The church of St John Fisher at Rochester was built in 1953-54 with the help of a gift of $30,000 from Bishop James Kearney of the Diocese of Rochester, New York. The architect was Harry Stuart Goodhart-Rendel (1887-1959). Goodhart-Rendel commissioned a ceramic reredos from Joseph Ledger of Carter & Co of Poole. This is one of three tiled reredoses by Ledger for Goodhart-Rendel churches, the other being St Mary the Virgin (Church of England), Isleworth (reredos of 1955) and Our Lady of the Rosary (RC), Westminster (reredos of 1966). For all three, the tiles were hand- painted by Phyllis Butler before firing.
The former presbytery stood on the opposite side of Canon Close, until it was demolished in 1974 when a new primary school was built in the site. The architects were Broadbent, Hastings, Reid & New. (F. G. Broadbent had been a partner in Goodhart-Rendel’s practice.) In 1975-76 they also built a new presbytery and parish hall beside the church. The value of this contract was £74,000. The church was consecrated on 30 November 1979 by Archbishop Bowen.
The church is facing west. This description uses conventional, liturgical orientation. The church was built in 1953-54 by H. S. Goodhart-Rendel. It is built using red brick laid in English bond with stone dressings and a tiled roof. The roofs are pitched, with some flat-roofed ancillary spaces on the north side. The plan is longitudinal, with a chapel and the sacristy at the northeast.

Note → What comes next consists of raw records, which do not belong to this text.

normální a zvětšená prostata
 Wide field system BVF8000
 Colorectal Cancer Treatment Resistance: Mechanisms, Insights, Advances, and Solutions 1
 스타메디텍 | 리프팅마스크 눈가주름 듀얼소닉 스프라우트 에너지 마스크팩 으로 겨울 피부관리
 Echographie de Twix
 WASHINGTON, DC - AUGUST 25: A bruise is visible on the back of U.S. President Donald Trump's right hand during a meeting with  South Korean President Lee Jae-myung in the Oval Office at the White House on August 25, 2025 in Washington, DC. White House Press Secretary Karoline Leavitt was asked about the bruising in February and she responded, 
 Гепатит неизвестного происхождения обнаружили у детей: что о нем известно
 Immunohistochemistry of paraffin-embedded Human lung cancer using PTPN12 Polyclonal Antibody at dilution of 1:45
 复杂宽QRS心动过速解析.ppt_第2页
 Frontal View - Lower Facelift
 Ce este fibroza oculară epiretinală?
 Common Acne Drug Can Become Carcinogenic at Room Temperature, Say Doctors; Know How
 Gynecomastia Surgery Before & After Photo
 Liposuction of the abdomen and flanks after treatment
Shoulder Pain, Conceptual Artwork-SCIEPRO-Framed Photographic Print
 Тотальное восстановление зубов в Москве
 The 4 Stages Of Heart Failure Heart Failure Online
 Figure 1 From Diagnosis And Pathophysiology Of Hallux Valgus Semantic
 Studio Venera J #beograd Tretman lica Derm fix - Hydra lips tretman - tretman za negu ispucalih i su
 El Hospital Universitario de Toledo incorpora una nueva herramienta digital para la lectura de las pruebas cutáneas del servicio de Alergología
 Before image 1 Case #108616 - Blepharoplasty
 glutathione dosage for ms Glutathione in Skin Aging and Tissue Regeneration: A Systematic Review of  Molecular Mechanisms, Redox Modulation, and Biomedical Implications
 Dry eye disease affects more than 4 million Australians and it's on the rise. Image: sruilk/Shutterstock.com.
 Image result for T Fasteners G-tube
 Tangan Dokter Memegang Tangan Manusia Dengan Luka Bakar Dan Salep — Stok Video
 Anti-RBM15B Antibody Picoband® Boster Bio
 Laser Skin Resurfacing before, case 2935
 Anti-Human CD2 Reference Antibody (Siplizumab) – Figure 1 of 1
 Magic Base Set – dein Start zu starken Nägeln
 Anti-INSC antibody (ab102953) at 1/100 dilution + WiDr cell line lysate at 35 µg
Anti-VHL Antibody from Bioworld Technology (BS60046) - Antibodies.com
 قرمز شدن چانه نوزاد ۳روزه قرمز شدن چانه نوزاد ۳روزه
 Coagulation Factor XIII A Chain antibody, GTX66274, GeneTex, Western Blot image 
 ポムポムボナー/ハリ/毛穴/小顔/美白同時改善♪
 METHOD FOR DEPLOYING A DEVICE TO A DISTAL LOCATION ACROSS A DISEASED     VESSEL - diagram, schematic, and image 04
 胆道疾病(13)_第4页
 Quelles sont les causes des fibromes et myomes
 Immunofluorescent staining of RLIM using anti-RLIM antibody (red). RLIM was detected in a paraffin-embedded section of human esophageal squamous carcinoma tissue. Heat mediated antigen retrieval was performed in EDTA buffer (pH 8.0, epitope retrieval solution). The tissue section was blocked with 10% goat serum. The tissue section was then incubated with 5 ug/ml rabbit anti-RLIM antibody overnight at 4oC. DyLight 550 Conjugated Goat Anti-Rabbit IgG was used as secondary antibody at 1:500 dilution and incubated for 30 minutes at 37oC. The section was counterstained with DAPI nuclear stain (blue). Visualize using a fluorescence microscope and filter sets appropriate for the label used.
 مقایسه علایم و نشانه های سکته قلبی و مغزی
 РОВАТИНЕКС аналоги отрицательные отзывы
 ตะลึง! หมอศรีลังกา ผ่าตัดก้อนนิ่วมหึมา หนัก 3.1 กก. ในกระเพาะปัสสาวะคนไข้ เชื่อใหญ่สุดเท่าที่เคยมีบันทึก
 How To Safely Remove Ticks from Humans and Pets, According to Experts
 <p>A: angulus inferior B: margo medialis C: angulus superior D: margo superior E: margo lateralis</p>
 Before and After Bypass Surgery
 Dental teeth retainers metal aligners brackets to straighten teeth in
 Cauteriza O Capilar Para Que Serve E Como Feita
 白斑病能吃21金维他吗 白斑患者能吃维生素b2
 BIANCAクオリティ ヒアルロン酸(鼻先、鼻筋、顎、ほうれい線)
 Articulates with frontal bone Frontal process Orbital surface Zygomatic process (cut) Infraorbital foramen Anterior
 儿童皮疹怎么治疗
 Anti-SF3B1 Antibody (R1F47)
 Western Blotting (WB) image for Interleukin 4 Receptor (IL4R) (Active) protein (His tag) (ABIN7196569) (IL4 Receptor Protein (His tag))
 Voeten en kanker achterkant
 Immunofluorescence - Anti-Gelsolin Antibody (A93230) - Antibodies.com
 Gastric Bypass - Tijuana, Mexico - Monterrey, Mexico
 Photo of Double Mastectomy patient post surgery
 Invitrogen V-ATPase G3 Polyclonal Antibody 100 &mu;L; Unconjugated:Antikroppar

The west front has a central gabled section flanked by two lower sections under cross roofs. The central part has a circular gable window above a stone band below which is a canopied statue of St John Fisher flanked by two round-headed windows. The doorway is within a projecting gabled porch and has a semicircular pediment displaying the papal tiara and keys below the date ‘1953’, flanked by the arms of the Bishop of Rochester (an office held by St John Fisher) and the arms of Bishop Cowderoy. On either side of the doorway are single-light windows. The lateral sections of the facade each have a circular window above paired round-headed windows.
The narthex below the organ gallery houses the repository, the stair to the gallery and a storage room. The organ gallery’s balcony has a central empty corbel (formerly occupied by a small statue of St Francis) with the inscription ‘That they may be all in one’ (John 17:21), flanked by two coats of arms, the one to the right belonging to St John Fisher.
The six-bay nave has a queen-post roof. Each bay has a pair of windows. The north side has a door to the hall and, further east, a reconciliation room. At the northeast is the two-bay Blessed Sacrament Chapel (formerly the Lady Chapel). The carved decoration of the stone altar with a lily and a crowned M indicates the original dedication. Above hangs a copy of the San Damiano Cross. There is a memorial plaque to Charles and Rachel Arnold. The Stations of the Cross are finely carved stone reliefs, their style influenced by Eric Gill’s Stations at Westminster Cathedral.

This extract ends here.